Kobe Bryant came back to the floor on a mission, hitting a 19-foot jumper while drawing a foul from Serge Ibaka to complete a three point play. The Thunder were still surging on a 13-3 run, keeping hold of their largest lead of the game at seven. Bynum finally began establishing himself again over Kendrick Perkins, grabbing a rebound off a Bryant missed jumper to draw a foul, head to the line and sink another two free throws. Kobe Bryant hit a bucket from the top of the key to crunch the Thunder’s lead to five, but slowly Oklahoma City began pulling father away and getting more successful on each offensive play.

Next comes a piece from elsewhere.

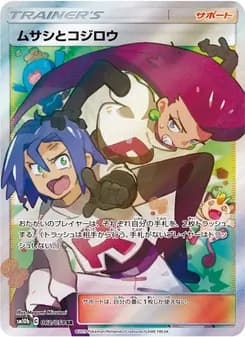 ムサシとコジロウ card in Japanese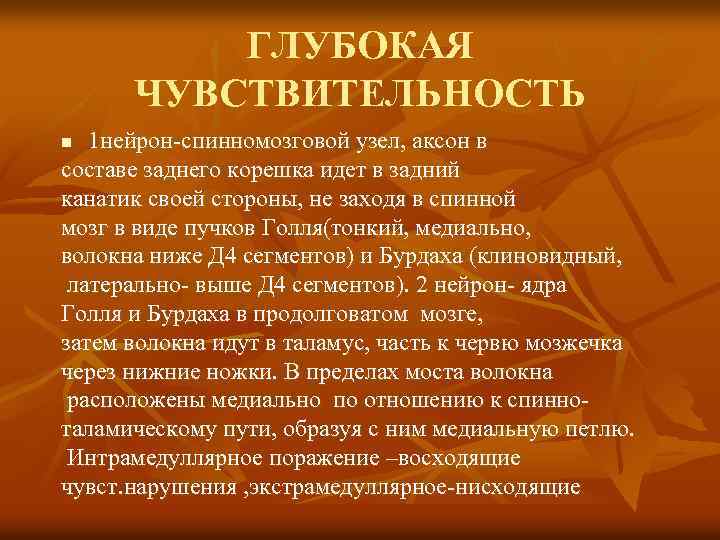 ГЛУБОКАЯ ЧУВСТВИТЕЛЬНОСТЬ 1 нейрон-спинномозговой узел, аксон в составе заднего корешка идет в задний канатик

Luckily, the Thunder went over their foul limit, so when Fisher fouled Kobe just outside the three-point line Bryant was able to sink both of his free throws. All of a sudden, the seven point lead was dropped to one, and Staples Center seemed to liven back up. A few fouls back and forth with Durant and Blake making all of their free throws kept the Lakers down one, and the quarter came to an end with the Thunder ahead 70-69.

Fourth Quarter

Andrew Bynum continued to lead the way with the Lakers impressive free throw shooting, opening up the scoring in the final quarter for his side hitting another two free throws to put the Lakers game total at 26-26. Both teams were unable to create any field goal opportunities, allowing the Lakers to retake a one point lead with two minutes passed. Metta World Peace missed back to back three-point opportunities, and Harden drew a foul on the other end of the court to sink two more free throws.

Kobe Bryant reentered the game with nine minutes still on the clock, leaving plenty of time for the Lakers to retake control and get their first victory of the series. Kevin Durant hit a freak basket while falling over and throwing it up in the air, keeping hold of their two point lead. No matter how hard Bryant tried, he was unable to match Durant’s luck, with baskets he would typically sink clanking off the rim and falling back into a Thunder defender’s hands.

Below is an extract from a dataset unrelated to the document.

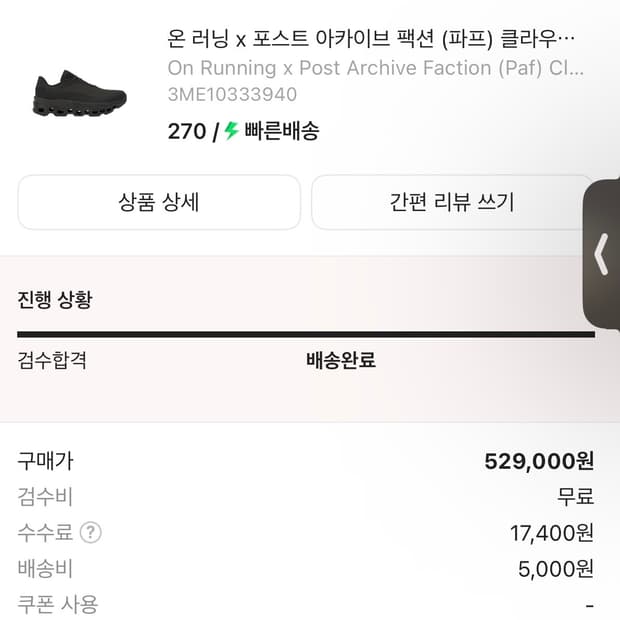 온러닝xpaf 클라우드몬스터2 쏜 브라운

All of a sudden, the tables turned, and Kobe Bryant performed a spin move on Derek Fisher to drain a 14-foot shot and tie the game back up at 76. He struck again versus Fisher, retaking the lead, leading many people to question why the Thunder even attempted this defensive match up. Harden continued to take constant trips to the free throw line, and the combination of two free throws, a Durant break away layup, a Harden steal and a Harden three-pointer put the Thunder on a 7-0 run with a five point lead.

The Lakers recovered, turned the ball over, recovered, and turned the ball over some more. It was a back and forth battle between L.A. trailing five and trailing one. Each team looked to free throws for a majority of their fourth quarter points, with the mass amount of fouls adding up as time progressed. Kobe Bryant put in a layup with under two minutes remaining to bring the Lakers back within one, and another foul on James Harden put Bryant at the free throw line to take a one point lead. Kevin Durant came out of the timeout to put in a layup, and after two missed shot attempts from Los Angeles, Bryant was able to draw another foul and sink both shots to retake another L.A. lead.

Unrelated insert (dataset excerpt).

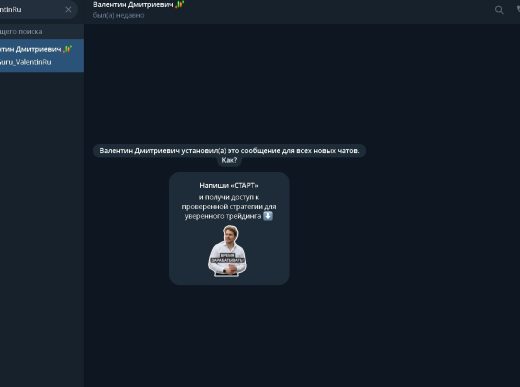 FinGuru_ValentinRu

Serge Ibaka missed the 18-foot jumper to put the Thunder ahead with 12 seconds remaining, and a massive steal from Metta World Peace before drawing a foul sent him to the line to put the Lakers up three. Perkins scored off of the inbound play to cut the lead to one with nine seconds left, and the free throw clinic continued at Staples Center with Bryant hitting another pair. Andrew Bynum blocked Ibaka’s last layup attempt after a Durant missed three, and the Lakers pulled away with a 99-96 victory at home, now only trailing 2-1 in the series.